From my journal for November 25, 1995
The truth is that my ability to express my creativity is very fragile, needs a lot of support and safety and no expectations. This is very painful because at the same time I know/feel a wealth of creative energy pressing to get out. But at the moment, I don’t know how to do it, and I don’t know how to set up support for myself — other than what I’m already doing, i.e. pottery class and circle dance.
November 26
The night before last I was lying there trying to go to sleep, I was in both emotional and physical pain, and instead of getting a Nuprin I tried saying “there there” to myself, and it actually worked to ease the pain. Last night I was having similar difficulties, so I tried to pay attention to what was happening and discovered that there was a lot of tightness in my middle and I was trying to open it up or escape. So I worked at just being with it, at noticing how the tightness inhibited my breathing and pressed on my heart, and it began to ease. I make these notes to remind myself that just “being with” something does seem to make a space that allows it to change. I don’t have to be always frantically trying to make something happen, and it doesn’t mean that I will be stuck with something unpleasant if I stop trying to make it go away. I see that this is beginning a practice of “being with”, beginning with things that are relatively easy. Perhaps if I keep practicing, I’ll be able to one day ‘be’ with the noise of the planes. (One went by yesterday, a distant sound, but I felt my heart close up, I felt completely frozen and stuck, and it was very scary and discouraging. But I see that I am too overwhelmed to even try to “be with” it, I need to get further along with the practice.)

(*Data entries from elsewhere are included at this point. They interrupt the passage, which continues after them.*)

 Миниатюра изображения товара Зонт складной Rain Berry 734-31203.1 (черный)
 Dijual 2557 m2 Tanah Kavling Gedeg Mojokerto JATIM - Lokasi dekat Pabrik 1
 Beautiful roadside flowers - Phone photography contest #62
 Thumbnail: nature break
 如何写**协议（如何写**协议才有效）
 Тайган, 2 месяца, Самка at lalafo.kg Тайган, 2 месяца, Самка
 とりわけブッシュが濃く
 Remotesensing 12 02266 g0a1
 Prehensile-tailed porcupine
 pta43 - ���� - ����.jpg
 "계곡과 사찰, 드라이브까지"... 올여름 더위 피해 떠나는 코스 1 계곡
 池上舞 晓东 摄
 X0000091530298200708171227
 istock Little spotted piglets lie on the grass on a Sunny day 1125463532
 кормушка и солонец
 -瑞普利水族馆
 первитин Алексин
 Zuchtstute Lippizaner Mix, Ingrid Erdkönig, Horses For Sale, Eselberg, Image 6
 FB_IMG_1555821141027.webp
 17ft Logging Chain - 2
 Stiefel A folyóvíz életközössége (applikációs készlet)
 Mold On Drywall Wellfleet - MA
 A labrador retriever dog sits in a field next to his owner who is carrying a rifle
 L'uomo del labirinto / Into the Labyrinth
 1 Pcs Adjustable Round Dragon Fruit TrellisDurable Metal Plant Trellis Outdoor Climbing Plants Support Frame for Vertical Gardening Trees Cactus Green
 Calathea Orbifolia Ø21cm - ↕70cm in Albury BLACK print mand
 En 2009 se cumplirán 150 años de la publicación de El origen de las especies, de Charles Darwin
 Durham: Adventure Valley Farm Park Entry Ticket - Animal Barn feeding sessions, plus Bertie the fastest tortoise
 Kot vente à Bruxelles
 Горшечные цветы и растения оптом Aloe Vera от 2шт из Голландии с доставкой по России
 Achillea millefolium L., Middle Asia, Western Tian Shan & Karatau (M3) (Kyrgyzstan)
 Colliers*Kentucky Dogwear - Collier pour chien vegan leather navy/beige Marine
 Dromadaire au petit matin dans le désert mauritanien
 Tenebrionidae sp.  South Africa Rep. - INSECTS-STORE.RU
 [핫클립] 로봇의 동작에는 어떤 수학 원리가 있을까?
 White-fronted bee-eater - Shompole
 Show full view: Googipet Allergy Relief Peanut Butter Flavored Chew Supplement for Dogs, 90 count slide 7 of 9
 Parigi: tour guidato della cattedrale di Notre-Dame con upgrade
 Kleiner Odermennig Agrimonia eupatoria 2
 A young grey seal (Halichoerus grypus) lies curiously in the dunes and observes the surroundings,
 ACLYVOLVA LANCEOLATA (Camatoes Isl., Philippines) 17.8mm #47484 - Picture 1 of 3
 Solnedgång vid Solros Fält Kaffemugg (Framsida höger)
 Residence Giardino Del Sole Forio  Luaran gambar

My plan for today is to go up to the hut and paint a big piece of paper black, green, and purple so I can make a fright wig for the Lady of the Black Lagoon. I got two tarps yesterday, the plastic and paper kind, so that’s the last obstacle removed.
This is the first mention of the “Lady of the Black Lagoon.” I wonder if this is an expression of “celebrating the depression.” I do wish I had a picture.
I like the idea of celebrating the depression instead of fighting it. Did I ever finish writing about the gifts that I see? That the depression has forced me into a place where life looks so bleak, and accomplishment so impossible, and the future so uninhabitable, that I am actually considering building a sound-proof room and spending my time in there making — no playing around with collage projects — just the lowest scale, most “useless” pretense at creativity that I cam imagine. Instead of saying “But it’s self-indulgent, other people can’t afford to retreat like this, blah, blah, blah…” I say “Why not? I can’t do anything else.” And as for worrying about having money for the future, that seems ridiculous. I can always climb the mountain and go to sleep. So there’s some sense of being brought back to the question “What is really important in my life?” and being reminded, as in the aftermath of Fiona’s death, that what counts is the quality of daily life, the little blessings, the people, animals, and things I love. This is harder than that time, because Fiona’s death made the little things shine out with great clarity, there was light within the pain. Depression feels like there is no light at all, and even the pain is too dull to remind me that I’m alive. Instead of feeling unbearably alive, pierced by the contrasts, I just feel dead, the little things hidden in the fog, the people I love at a distance. All I have left is my knowing that these things are important to me.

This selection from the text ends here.